EXERCISE PROMPT
Your task is to write out every line of the data exactly. Drop the pictures.

DATA SEGMENT

* * * * * * * * *

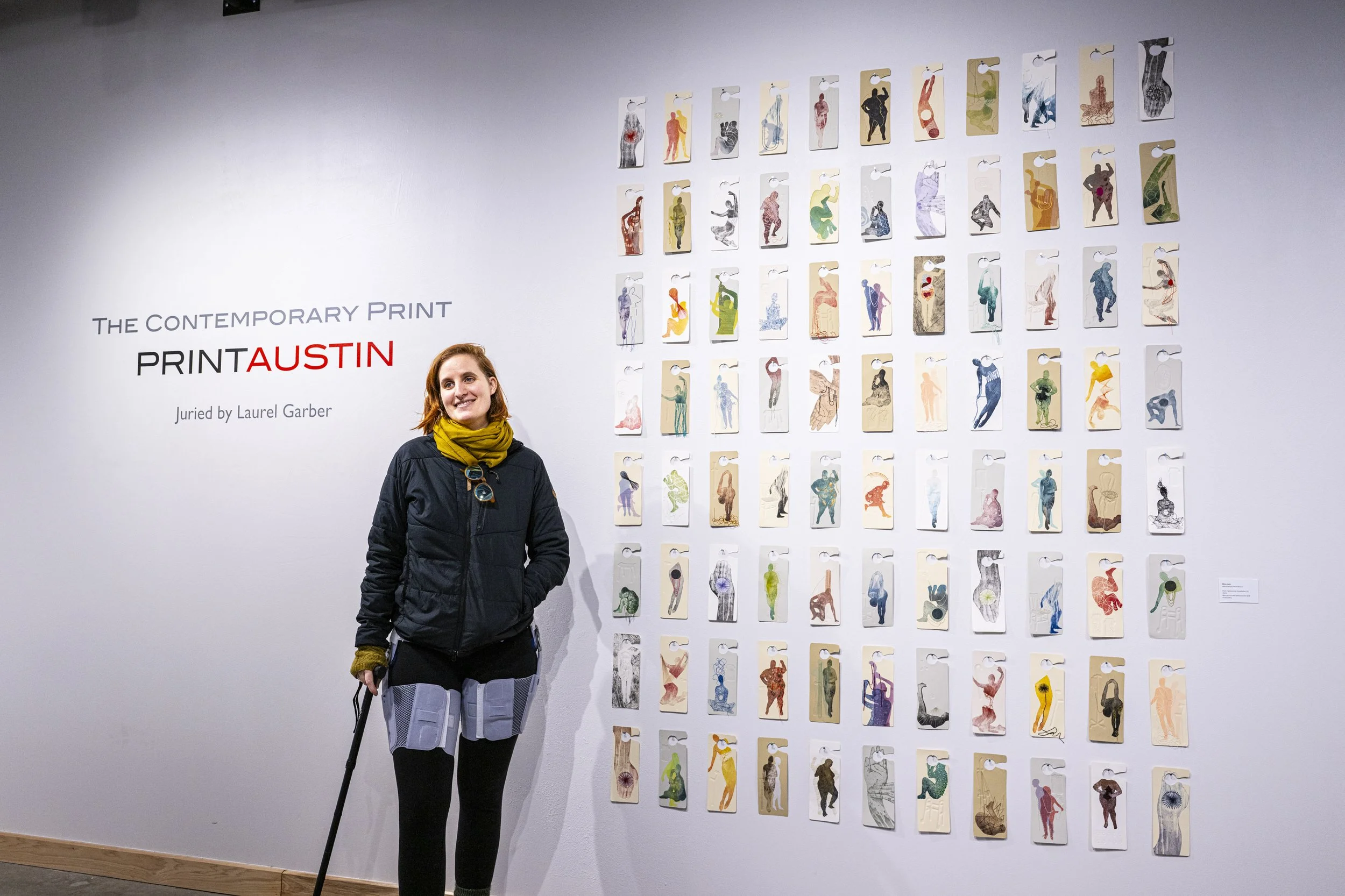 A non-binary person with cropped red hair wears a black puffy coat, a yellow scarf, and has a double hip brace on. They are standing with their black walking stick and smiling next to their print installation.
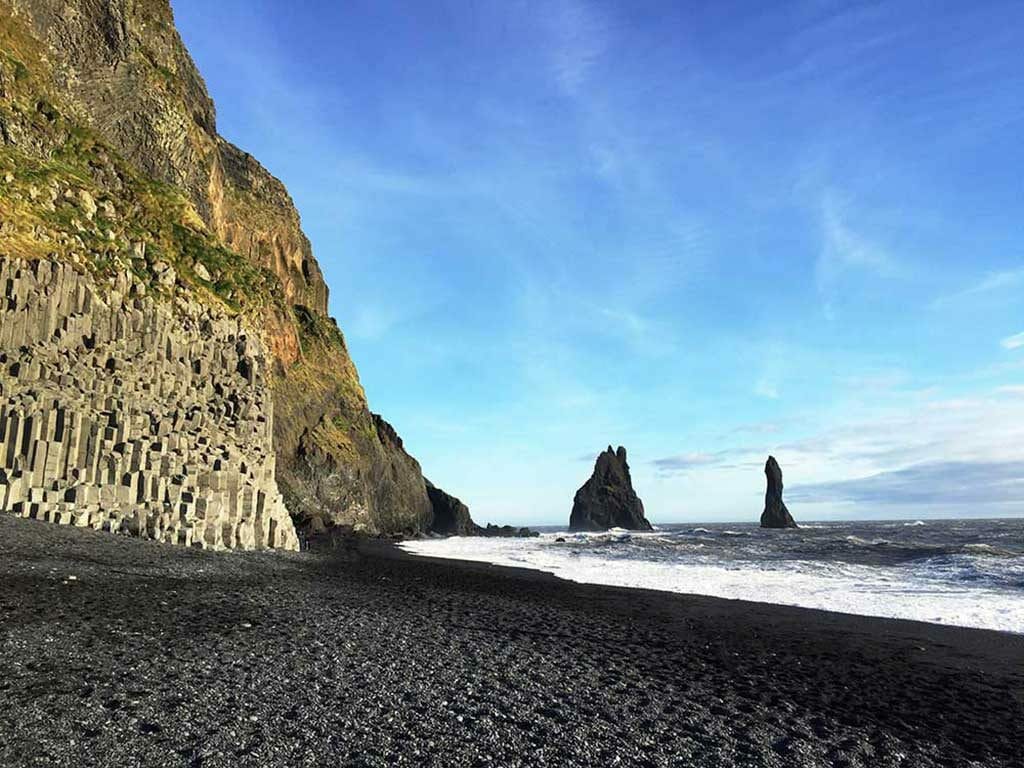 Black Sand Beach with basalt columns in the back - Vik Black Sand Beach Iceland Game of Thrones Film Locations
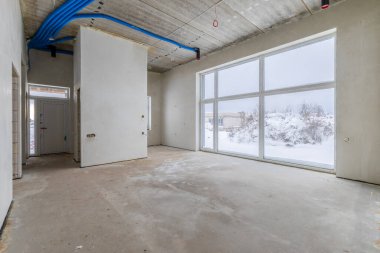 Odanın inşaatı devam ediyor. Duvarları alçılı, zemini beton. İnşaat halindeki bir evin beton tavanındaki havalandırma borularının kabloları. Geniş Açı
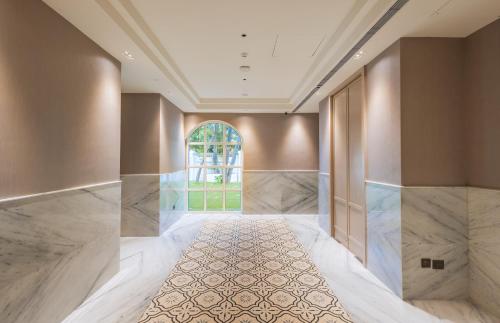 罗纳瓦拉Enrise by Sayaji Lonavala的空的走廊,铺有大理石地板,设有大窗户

* * * * * * * * *

RESULT FOR THIS TASK
 A non-binary person with cropped red hair wears a black puffy coat, a yellow scarf, and has a double hip brace on. They are standing with their black walking stick and smiling next to their print installation.
 Black Sand Beach with basalt columns in the back - Vik Black Sand Beach Iceland Game of Thrones Film Locations
 Odanın inşaatı devam ediyor. Duvarları alçılı, zemini beton. İnşaat halindeki bir evin beton tavanındaki havalandırma borularının kabloları. Geniş Açı
 罗纳瓦拉Enrise by Sayaji Lonavala的空的走廊,铺有大理石地板,设有大窗户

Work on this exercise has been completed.